**Exercise description**.
Every line from the one with "Capelli Emotions Glanz-Aufbau-Kur, braune" through the end of the entries below must be retyped exactly, and only those lines. The pictures are not part of the copy.

Captioned web images:
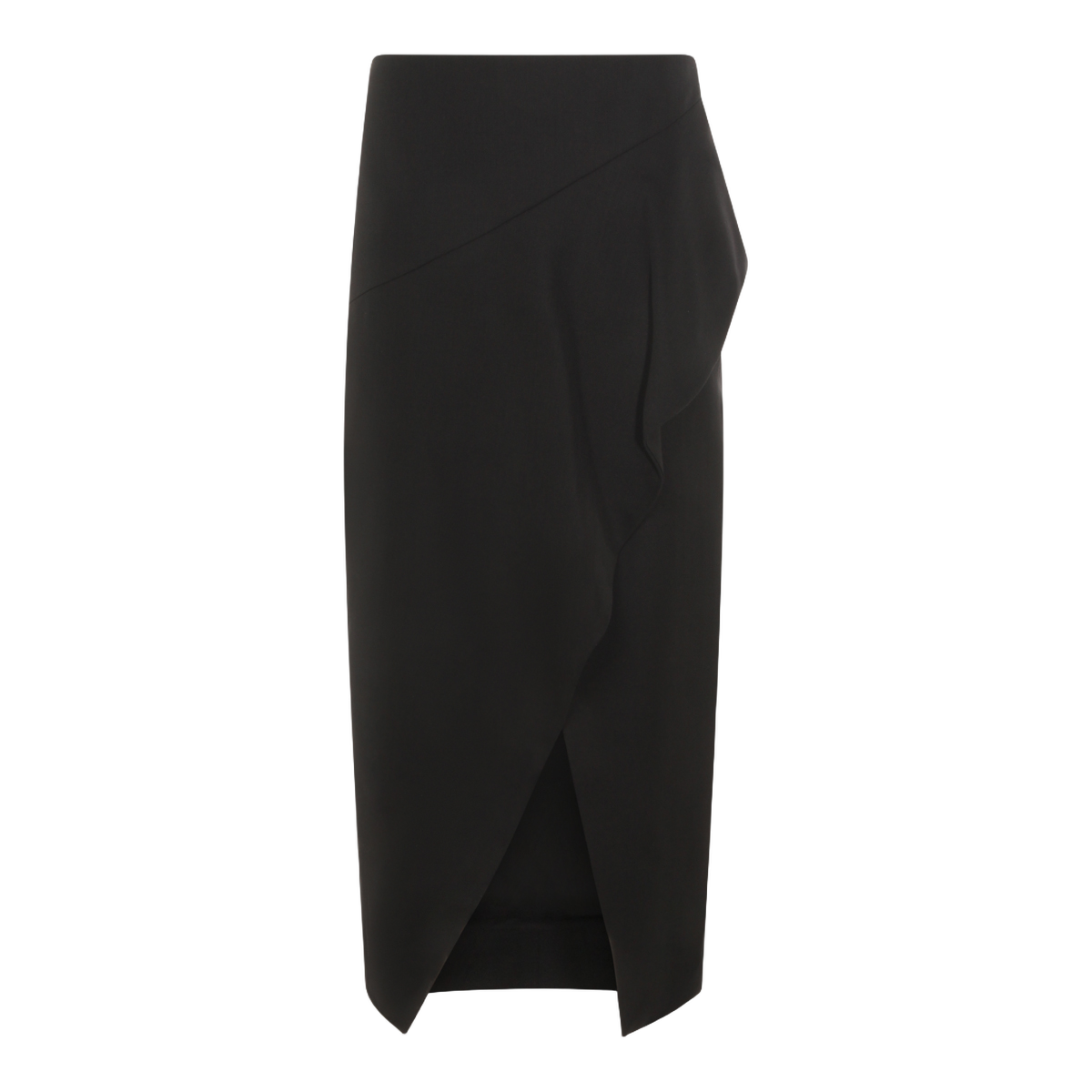 Khaite Asymmetrical Black Midi Skirt with Draped Detail Zwart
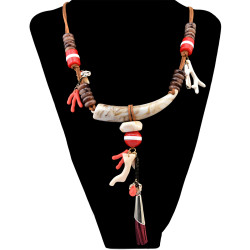 N-6253 3 Colors Ethnic Style Leather Chain Ivory Fashion Necklaces & Pendants Leaf Antlers Resin Beads Necklace Women Jewelry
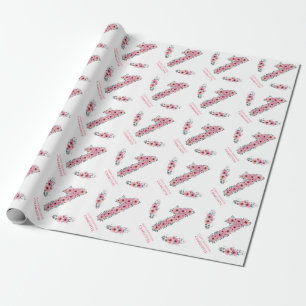Papier Cadeau Gros 1er Anniversaire Green Foliage Girl Rose Flow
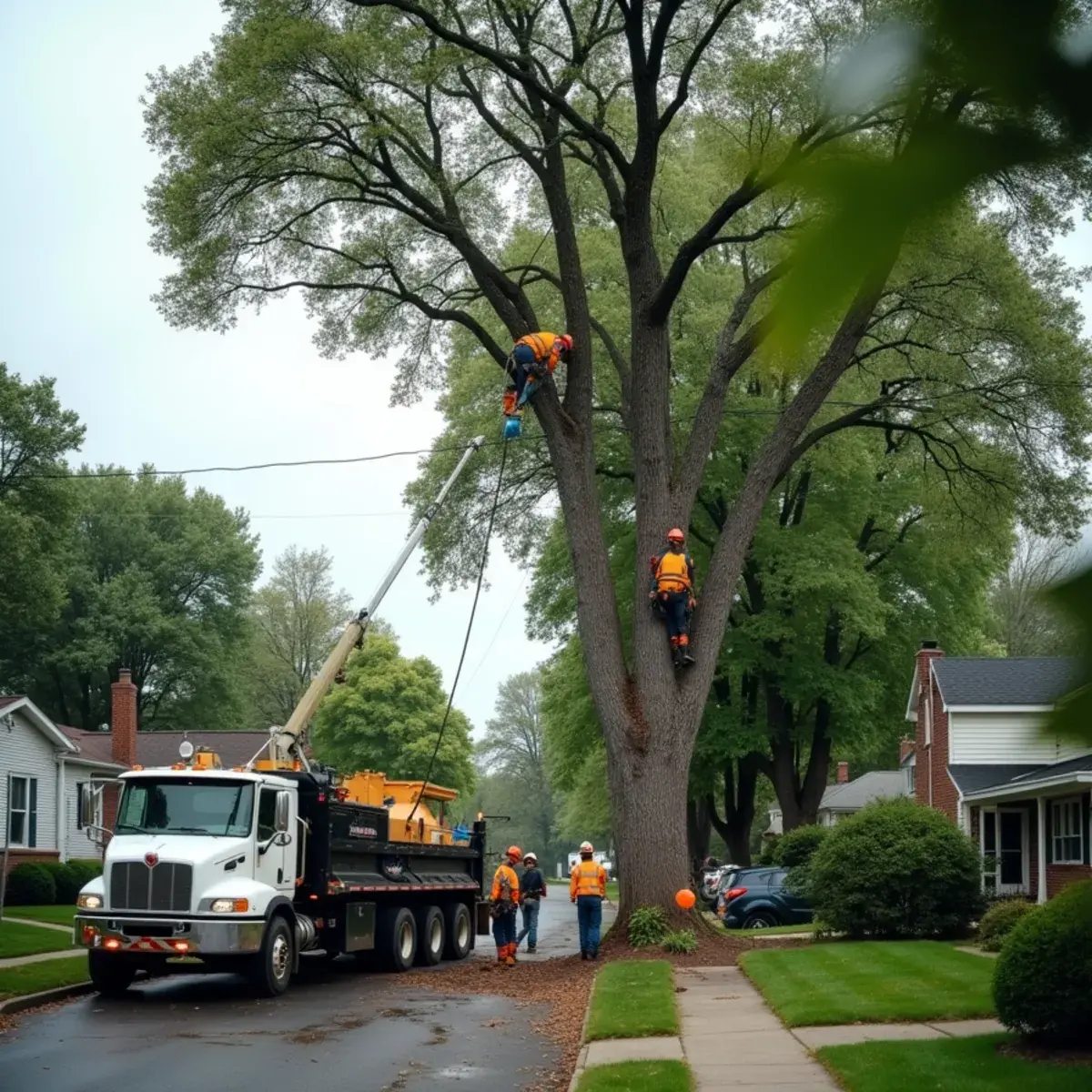 Tree removal crew working on a Redford Township, Michigan residential street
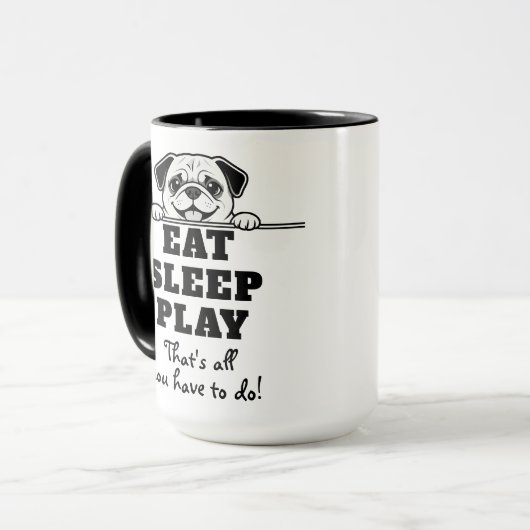 Minnimale Cute Pets Design - Hond 2 Mok (Voorkant links)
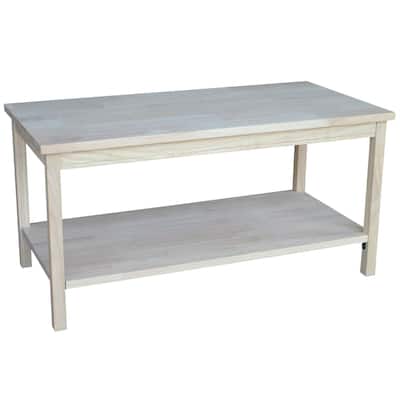 Unfinished Solid Wood Rectangular Coffee Table with Bottom Shelf - 18"D x 18"H x 36"W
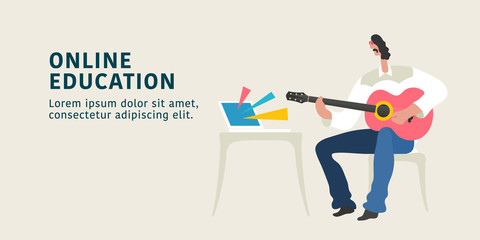 Online education concept vector illustration. Man learning guitar through internet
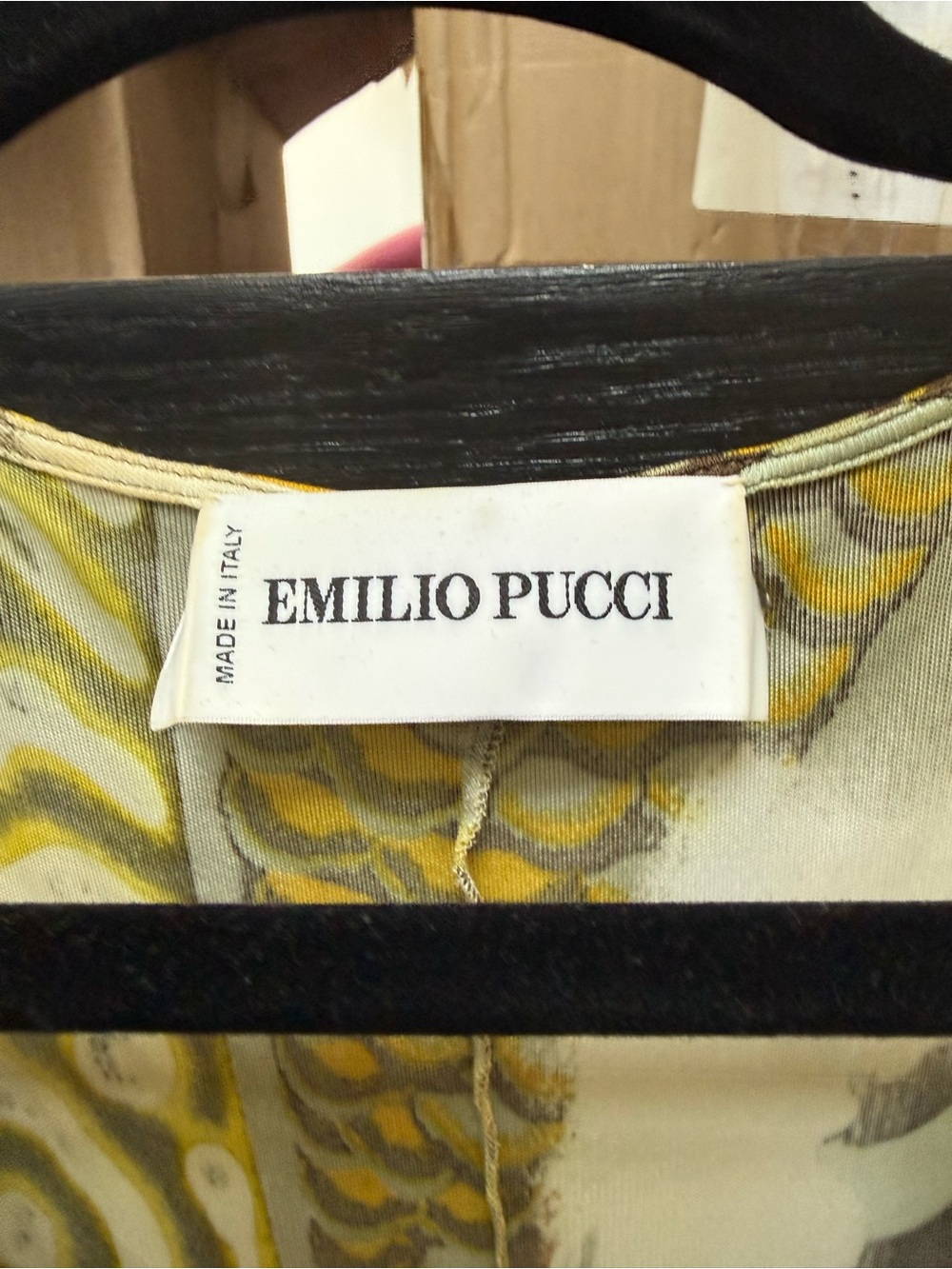Emilio Pucci Brown & Olive Twist Beaded Wrap Midi Dress size S (can fit XS-M) - Picture 2 of 3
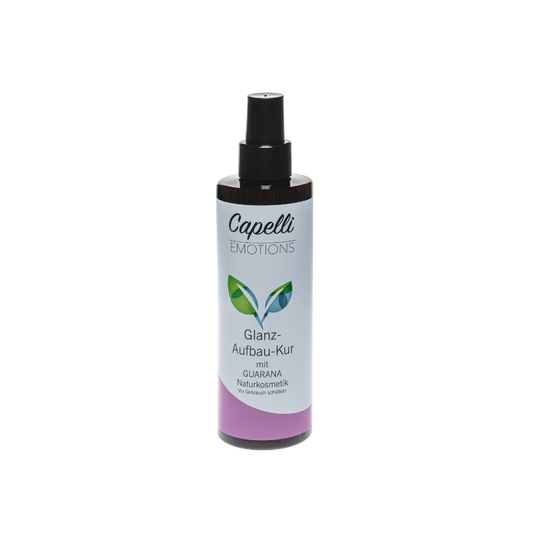 Capelli Emotions Glanz-Aufbau-Kur, braune Sprühflasche mit weißem Etikett und rosafarbenem Farbband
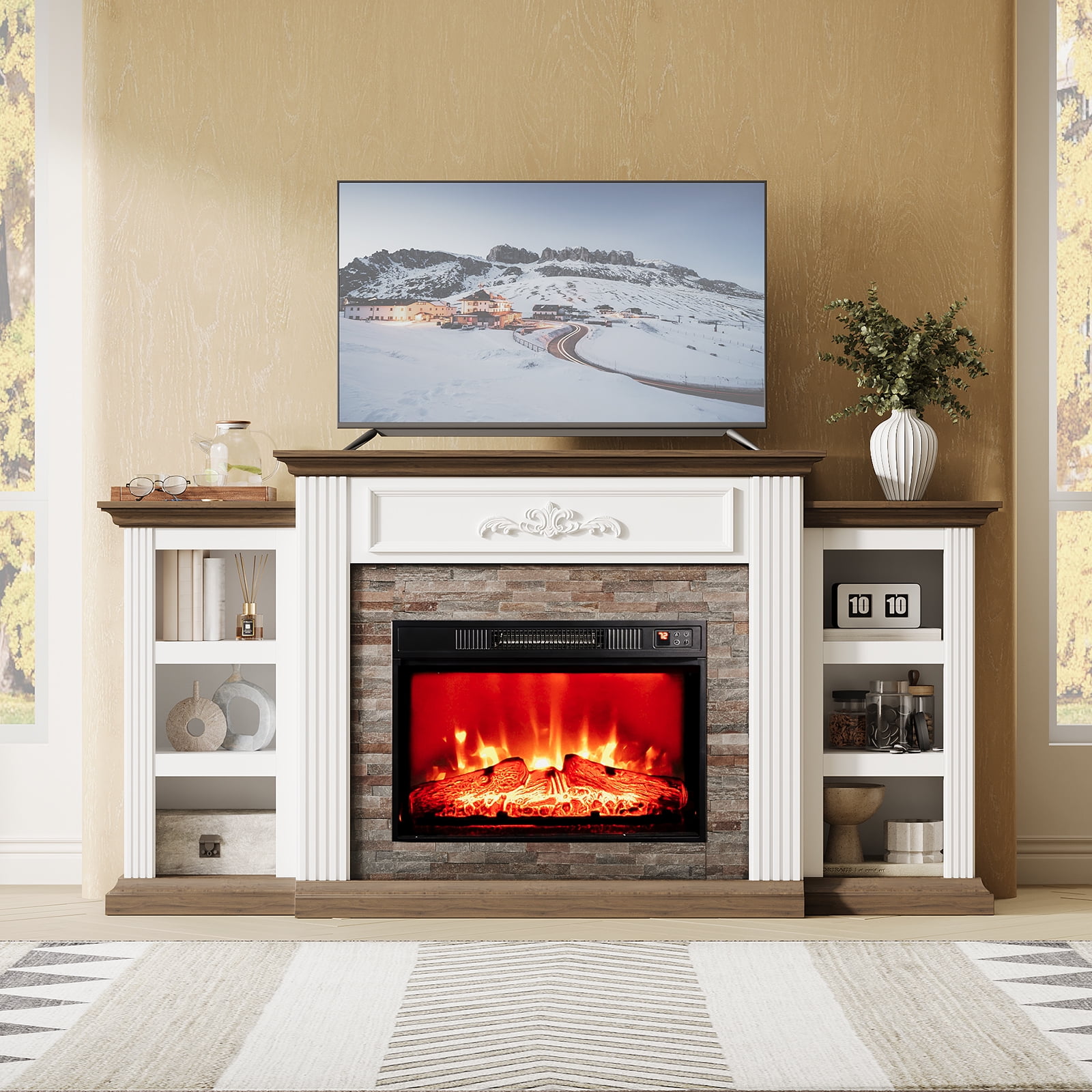 72" Electric Fireplace with Mantel, Stacked Stone Surround with 23 ...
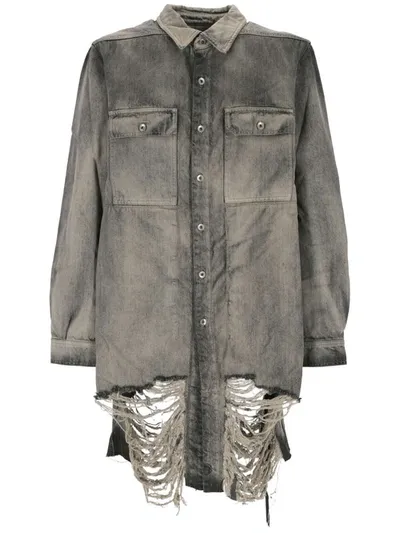 Rick Owens Drkshdw Jackets In Mineral Fringed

**Answer space**.
 Capelli Emotions Glanz-Aufbau-Kur, braune Sprühflasche mit weißem Etikett und rosafarbenem Farbband
 72" Electric Fireplace with Mantel, Stacked Stone Surround with 23 ...
 Rick Owens Drkshdw Jackets In Mineral Fringed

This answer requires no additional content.